### WHAT YOU NEED TO DO
For this exercise, write out every entry exactly and leave the pictures out.

[Opening PROVIDED ENTRIES section]

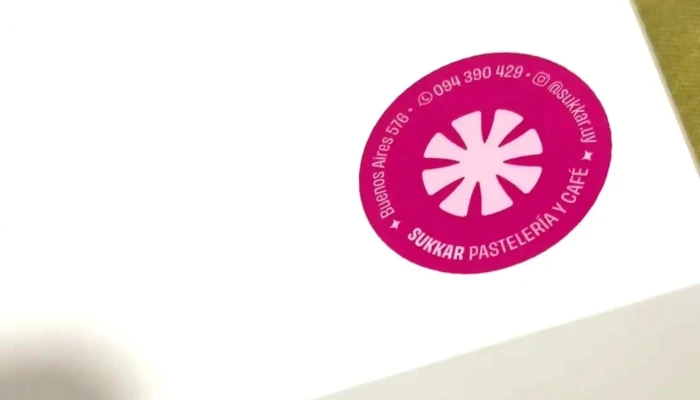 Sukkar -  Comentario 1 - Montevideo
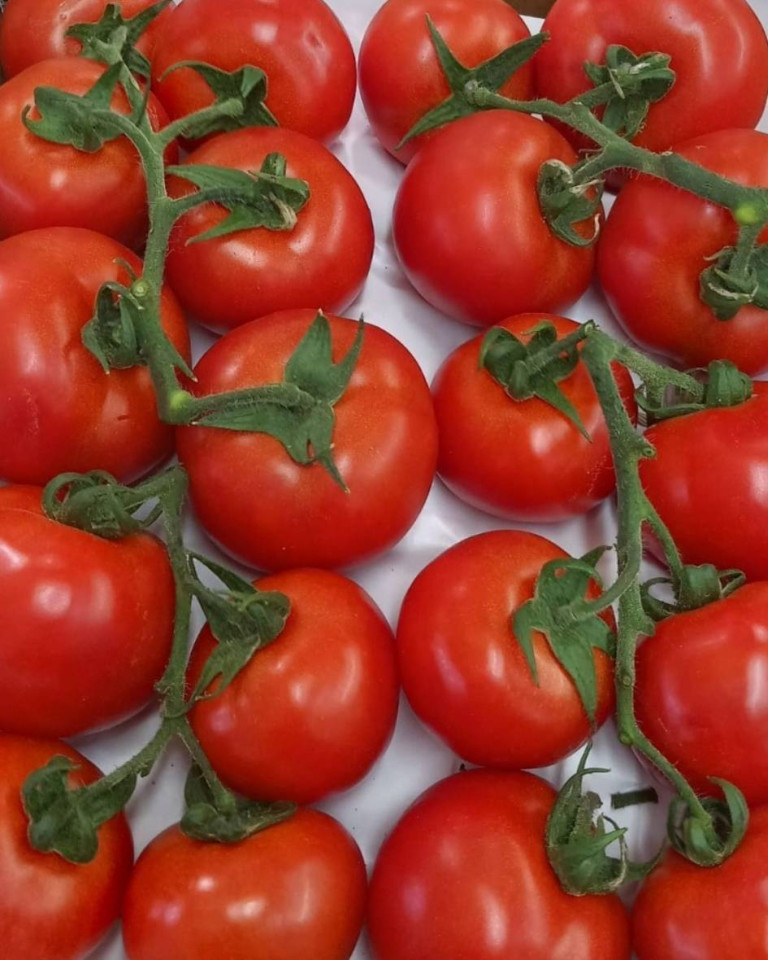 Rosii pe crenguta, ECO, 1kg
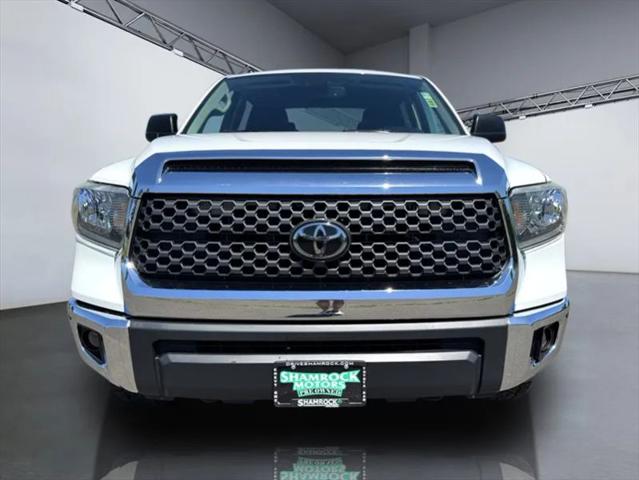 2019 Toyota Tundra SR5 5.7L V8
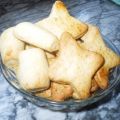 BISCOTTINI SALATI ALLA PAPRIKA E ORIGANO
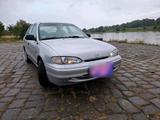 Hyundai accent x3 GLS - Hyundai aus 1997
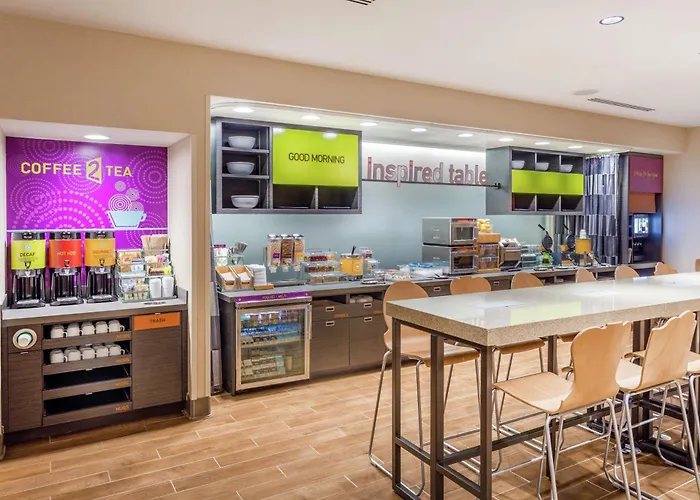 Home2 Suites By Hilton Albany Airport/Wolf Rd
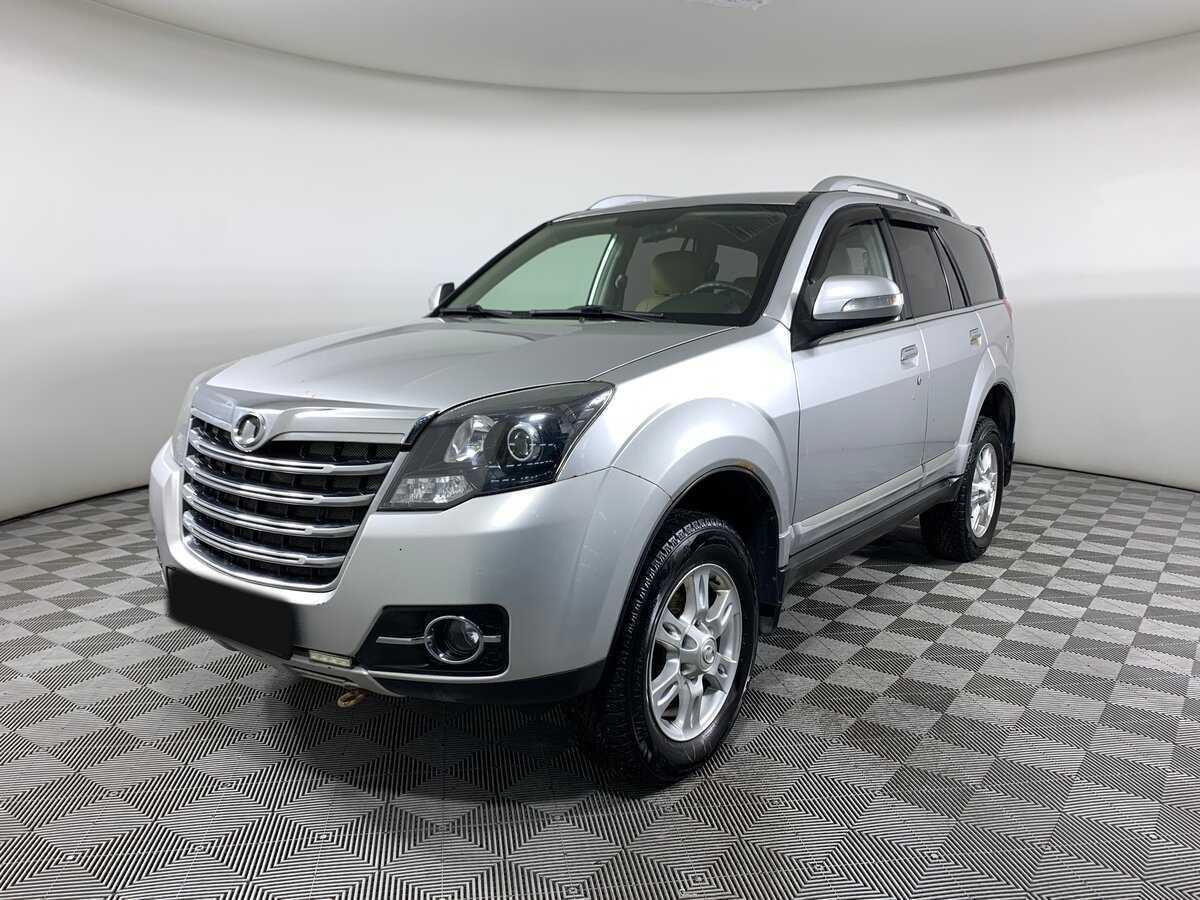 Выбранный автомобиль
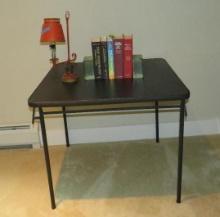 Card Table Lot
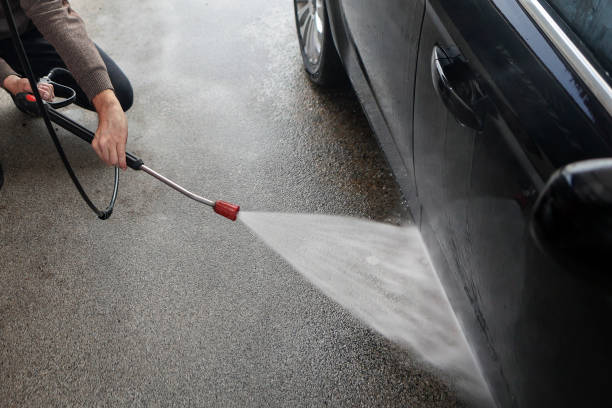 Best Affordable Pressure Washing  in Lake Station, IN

[Closing PROVIDED ENTRIES section]

### SOLUTION FOR THIS EXERCISE
 Sukkar -  Comentario 1 - Montevideo
 Rosii pe crenguta, ECO, 1kg
 2019 Toyota Tundra SR5 5.7L V8
 BISCOTTINI SALATI ALLA PAPRIKA E ORIGANO
 Hyundai accent x3 GLS - Hyundai aus 1997
 Home2 Suites By Hilton Albany Airport/Wolf Rd
 Выбранный автомобиль
 Card Table Lot
 Best Affordable Pressure Washing  in Lake Station, IN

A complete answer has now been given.